Project #1. Subject data was initially extracted and heavily modified. Then in a separate request and with a separate contract, this data was matched to a secondary data source. No problem yet. Then additional subject data is requested. The number of subjects in this request differs from the original extract. Why? Could it be a change in the underlying data systems? Differing inclusion criteria? No one has the initial request, so it's not clear. Who has to dig through both files to discover the similarities and differences and come up with a hypothesis for the original request? Me.

Then additional data was requested of our secondary data source. The contract had expired. Sorry.

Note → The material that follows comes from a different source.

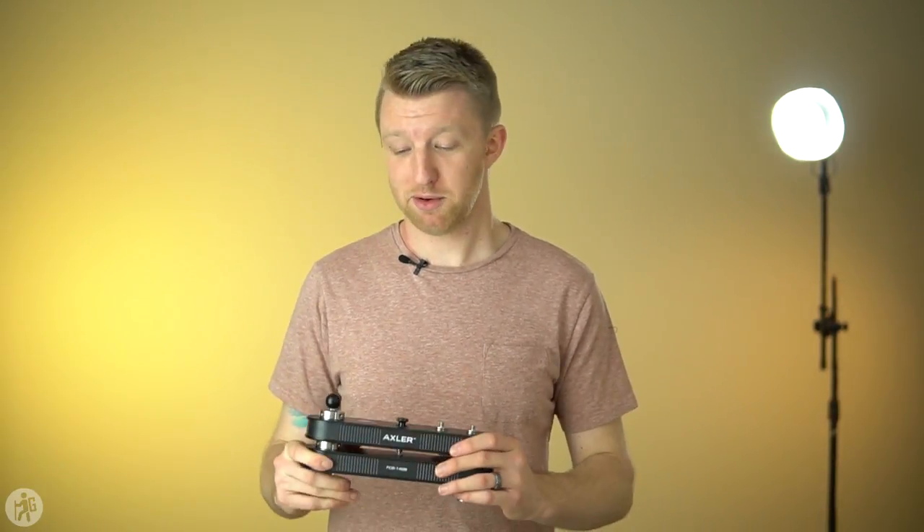So if you do a lot of run-and-gun shooting, if you travel a lot, or if you shoot weddings, this would be a great slider for you. I remember when I was filming weddings I had this massive four-foot slider that I would lug around the reception trying to get sliding shots, and there was just no way to not take up like 30 square feet with that thing. With this, it's going to take up very little space, which means it's easy to move out of the way quickly if you need to.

Project #2. I built an overall data tracking and management system for the project. I suggested a vendor we could work with to incorporate an interactive voice response (IVR) system to automate phone calls and collect information each week. I knew the vendor used an Asterisk-based IVR platform, and as a Ruby programmer, I knew I would be able to understand and potentially even extend the system.

Then the details of the data exchange were set without me. Our system would export data to the vendor, and receive the result data, in Excel spreadsheets. This system could have been automated, but hey, at least it's not my being wasted.

When asked to incorporate this new data, I discover that neither set of data includes the primary key that would allow us to link the IVR data to our original data. So someone has to spend stunningly unnecessary amounts of time after the fact to link data. The two minutes it would have taken for my input — “ Be sure to include the subject ID! ” — have become hours of work.

To summarize, include your data people early and often in your conversations. If you're talking about data — and if you're talking about your research plan, your metrics, your deliverables, you probably are — they won't see it as a waste of time. Surprising them later will waste their time.

<Sigh>, thanks for listening. Back to project #1.